Oklahomans watching hockey.
Oklahomans watching hockey.

If you've been reading this site over the last week, you've no doubt become aware that the AHL regular season has come to an end and that the AHL playoffs are set to begin. The Oklahoma City Barons begin as the top seed in the Western Conference by virtue of their superior regular season performance. This came as a huge surprise to me. When I first looked at the team's performance in November, the team's record was strong, but with a shot differential of -4.8 per game and a PDO (in all situations) of 104.4, I thought that they were destined for a crash. Instead, the team's shot differential improved, and the goaltending remained strong enough that Yann Danis was named the league's top goaltender. After the jump, I'll take a closer look at the team's performance on the ice, and of course, (spoiler!) lament their performance at the gate.

As noted, the Barons had an excellent record all year long. On the season as a whole, the Barons averaged 29.1 shots per game and allowed 28.1 shots per game, for a respectable +1.0 shot differential per game, but their shot differential in the first third of the season obscures just how well the team played during the last two thirds of the season. Let's take a look at the team's ten and twenty game averages:


The first point on the chart is the ten-game mark, and at the twenty-game mark, you'll see the second line appear. It's crazy to see the same team have one twenty-game stretch at -4.3 and another twenty-game stretch at +6.5. That's just a massive difference. In terms of looking to the playoffs, it's quite encouraging that even after a decline from their peak, the Barons have been consistently in the positive after getting over their early-season doldrums.
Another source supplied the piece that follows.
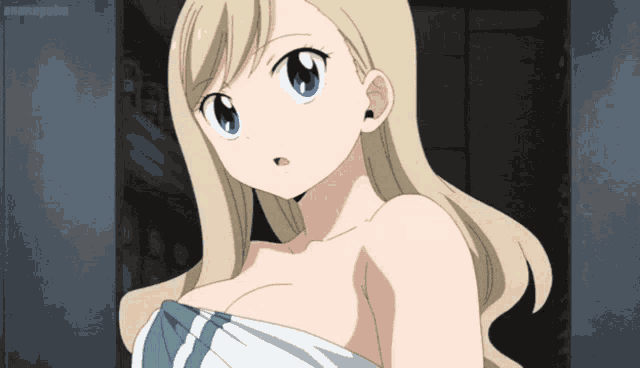 a girl with blonde hair and blue eyes is wrapped in a white towel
As for the team's attendance... let's take a look at the three-game average:


Just brutal. I recognize that Oklahoma City is a tough market, especially since the Barons are trying to change the hockey-consuming culture from "everything is free" (i.e. life with the Blazers) to "people really ought to pay for tickets". So if you're looking for a positive, it's that these numbers do reflect actual buyers.

But there aren't enough of them, and the trend isn't good. The Barons averaged just 3,684 fans per game this season, 26th (out of 30) in the AHL and an 11% decline from last season when they averaged 4,155 fans per game. If you ditch the first and last game of the season, the decline isn't quite as bad (just under 8%), but it's hard to see how this is moving in the right direction. The decline is even more ghastly when you consider the fact that the Barons didn't need to compete with the NBA for the first part of the season, and that the team is winning about as much as you could possibly hope for.

It will be interesting to see what kind of interest the Barons get in the playoffs. Last season, the playoffs were very poorly attended with the Barons averaging just 2,554 fans in their three home playoff games. Will a really good team and (possibly) a longer playoff run help? You'd like to hope so, and if it happens, that would be great news, but I don't think it's overly critical if it doesn't. Will it help them with sales for next season? The future of AHL hockey in Oklahoma City probably depends on it. With attendance falling below 4,000 fans per game, the agreement between the AHL team and the city can be terminated. I'd be very surprised to see that happen this off-season, but if the downward trend in attendance continues for another year, you'd have to think that it would be considered.